> _TASK ITEM_
Include no pictures. Output exactly the lines from the one that contains "Hi and welcome" through the final line of the entries.

─── MATERIAL SHOWN

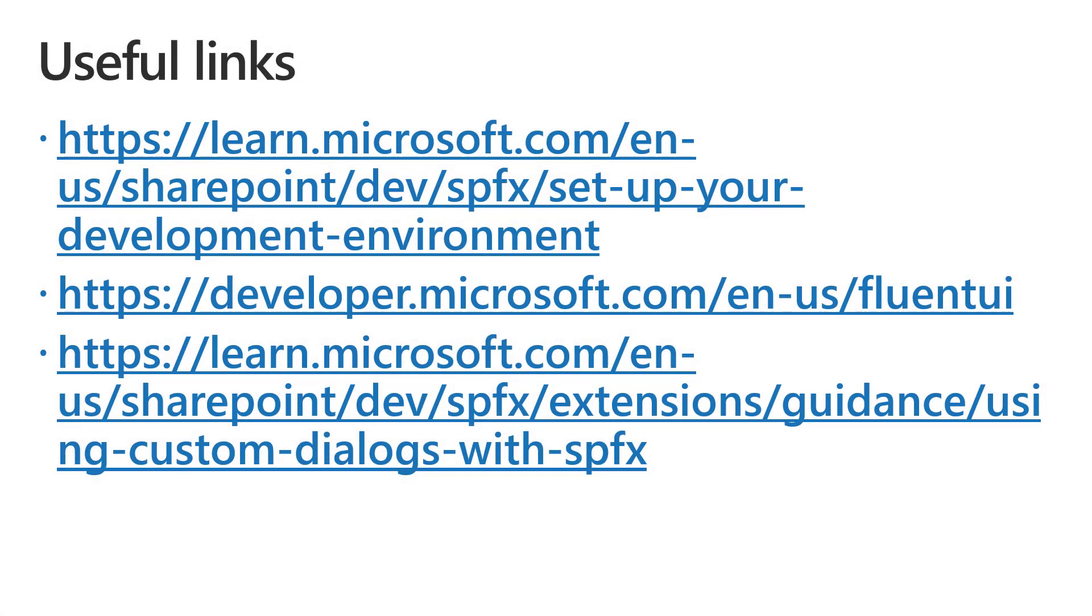Here you can find additional links if you want to dig into the topics that we covered. And like always, thank you for watching this video.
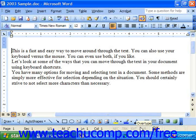You may change the magnification of your document to zoom in or zoom out from the text. This function works much like a photo camera zoom. Zooming in will allow you to see the text in your document more closely, whereas zooming out allows you to see more of your document in its entirety. You can set the zoom rate to be a percentage of the actual size of the document or view it as a full page.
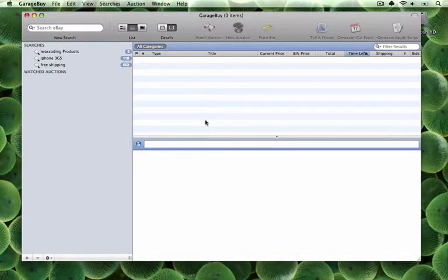In this video tutorial, I'm going to show you how you can bid on items in eBay using the application GarageBuy. Keep in mind that in order for you to be able to place a bid using the application, you must first allow the application to let you sign in with your eBay account. GarageBuy makes it easy and efficient for bidding on items.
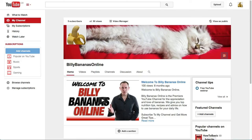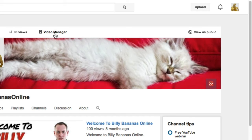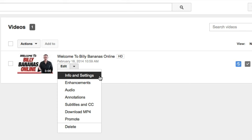So here I am in one of my channels. To download my videos, I go up to Video Manager at the top. You can also go up here, click on Creator Studio and click on Video Manager, or just click on Video Manager right there, and select the video you want to download inside Video Manager.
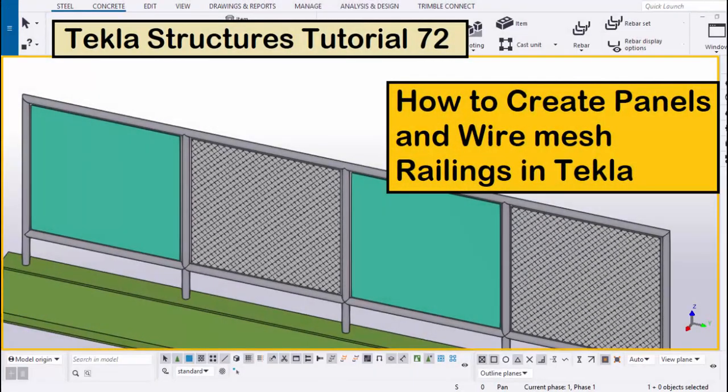Hi viewers, welcome to Ganesh YouTube channel. In this tutorial, I am going to explain you how to create panels and wire mesh try links in Tekla Structures.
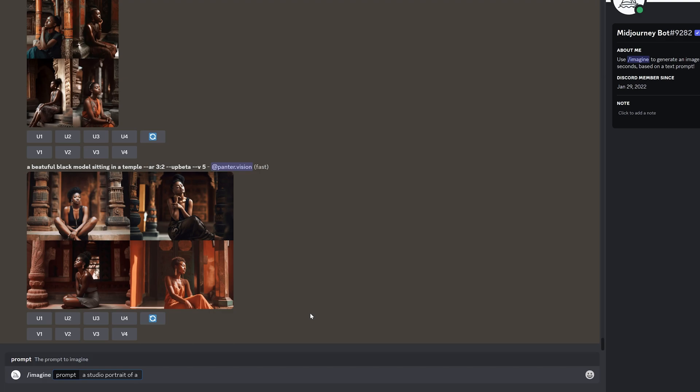But let's say I want to create like three type of characters at the same time. So you can do that. All you need to do is type in a bracket, like the open bracket. And here we're going to enter like blonde, brunette.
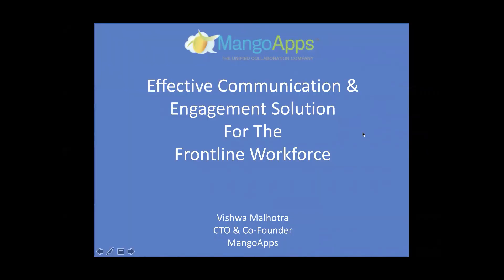Good morning, everyone. Thank you for taking the time to join this session. My name is Vishwa Malhotra, and I serve as the CTO and co-founder of Mango Apps.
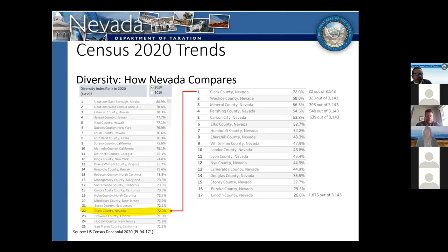At the county level, Clark County came in at number 22 on the census diversity scale out of 3,143 counties. Washoe and Mineral were ranked in the 300s, Pershing in the 500s, and Carson City in the 600s. So Nevada's counties rank fairly high on the census diversity rankings.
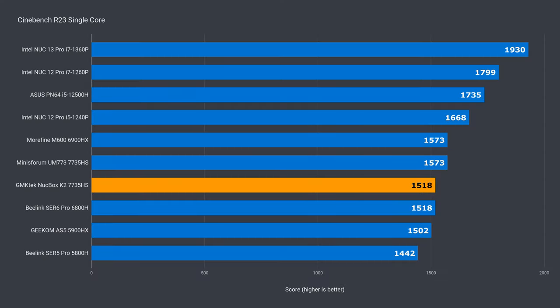However, upping the power limit didn't affect the single core results, which is identical to the B-Link CS6 Pro, and almost 4% slower than the Mini's Forum UM773.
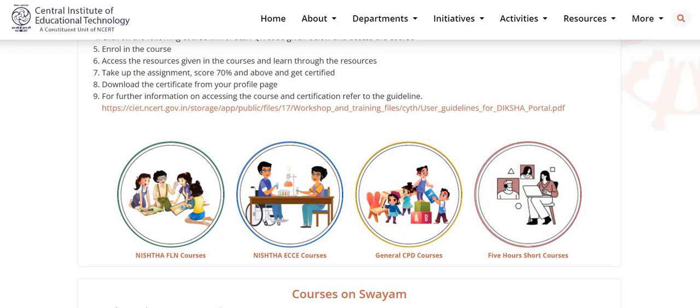All the courses available on this platform will be counted as 5 hours of CPD. Kindly join the courses as per your need and interest. The link to this platform is also given in the description box of this video. That's all from this video. Thank you very much.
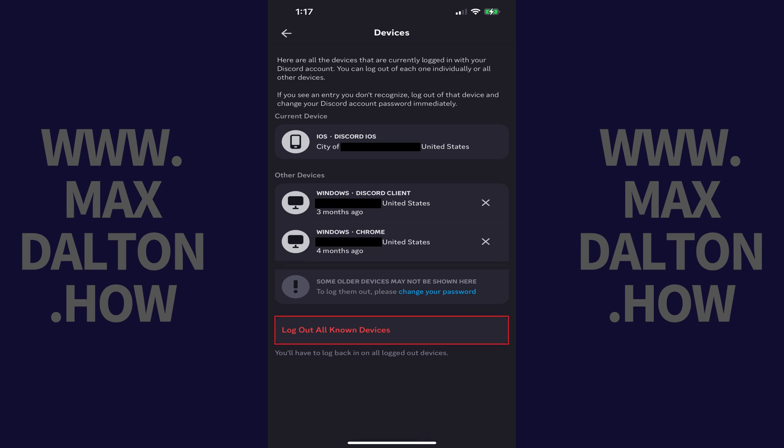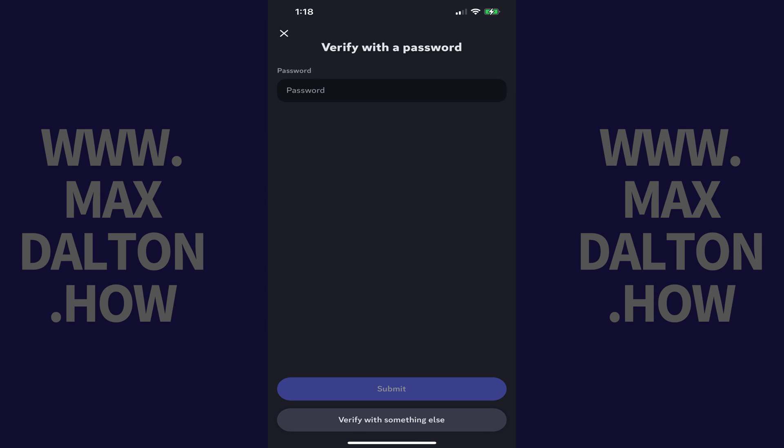Step 5: Tap Log Out All Known Devices. The next window will prompt you to verify your Discord password.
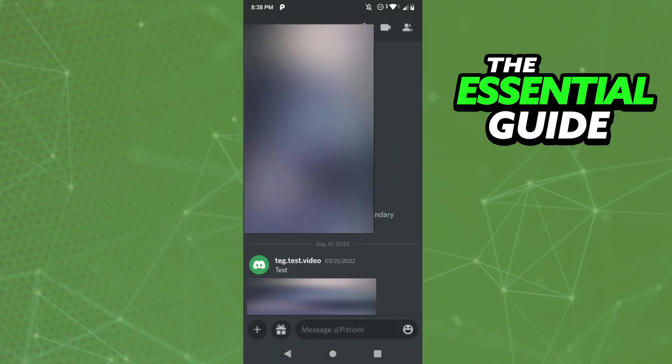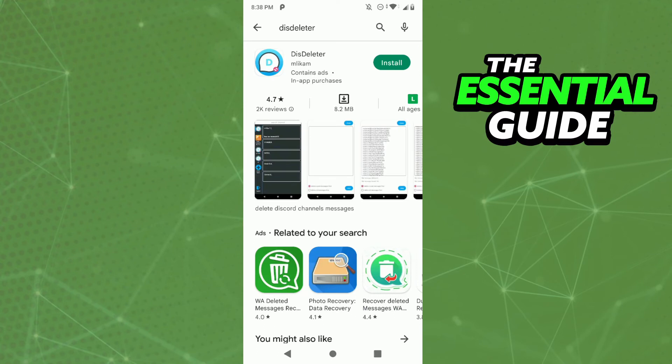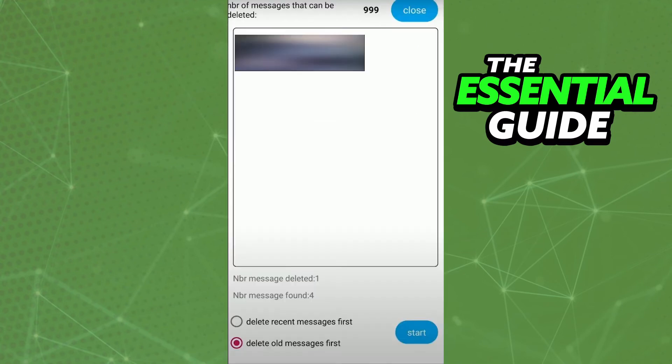But to delete all the messages of the chat with one app, you need to download an app. After you install that app and open it, you select the chat you want to delete.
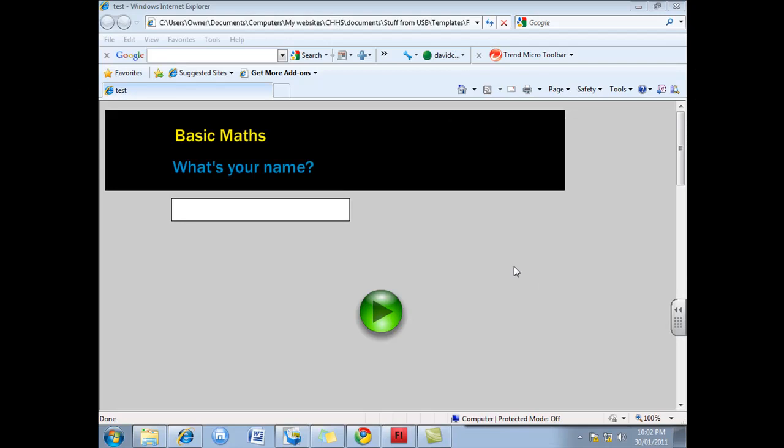Hi and welcome to this tutorial. Today I'm going to teach you how to use a Flash template to create a multiple choice quiz with 10 questions.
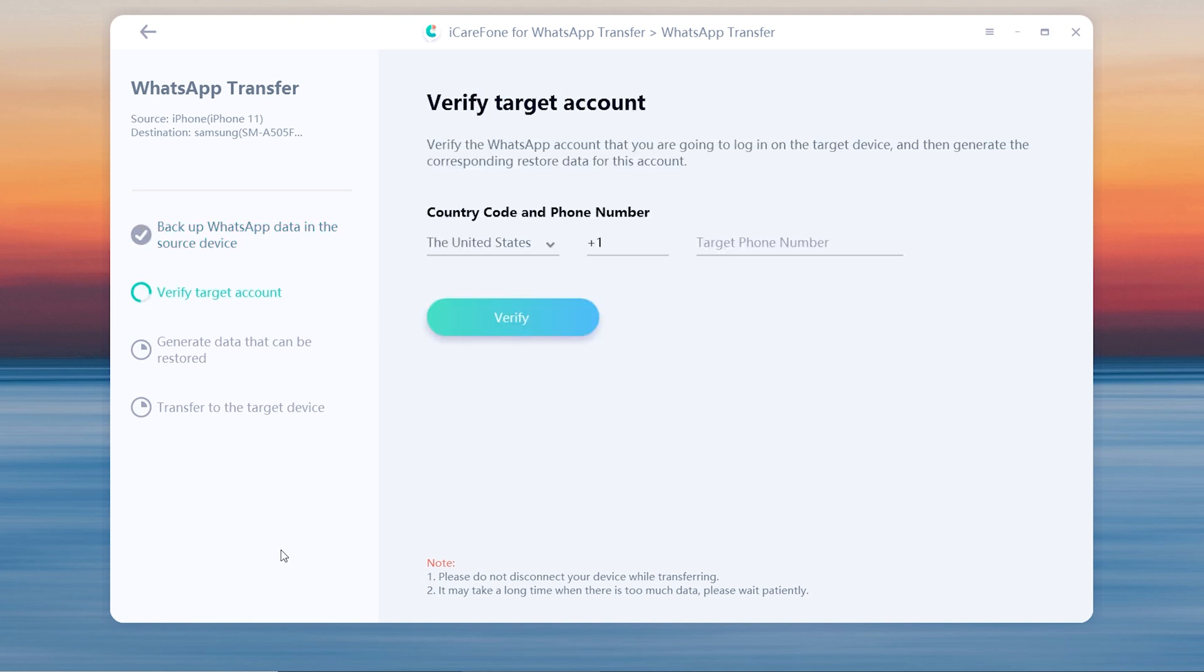In this step, you need to verify the WhatsApp account which will accept data from the source device. Write your phone number and country code on the line, then click verify.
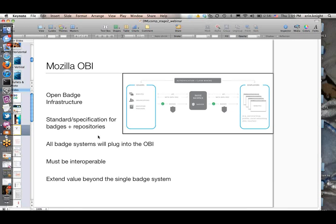We really want to put the learner at the center and let learners earn badges across multiple issuers and multiple learning providers, then pull all of those badges into a single collection that they totally own—like a living transcript that they can grow based on their experiences wherever they have them. They can then decide how to share those badges out. In order to do that, we need an infrastructure, an underlying plumbing, that helps tie all of those disparate badge systems together so that badges can be collected and shared.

──────

> _RESPONSE TO THIS TASK_
Hi and welcome to this tutorial. Today I'm going to teach you how to use a Flash template to create a multiple choice quiz with 10 questions.
In this step, you need to verify the WhatsApp account which will accept data from the source device. Write your phone number and country code on the line, then click verify.
We really want to put the learner at the center and let learners earn badges across multiple issuers and multiple learning providers, then pull all of those badges into a single collection that they totally own—like a living transcript that they can grow based on their experiences wherever they have them. They can then decide how to share those badges out. In order to do that, we need an infrastructure, an underlying plumbing, that helps tie all of those disparate badge systems together so that badges can be collected and shared.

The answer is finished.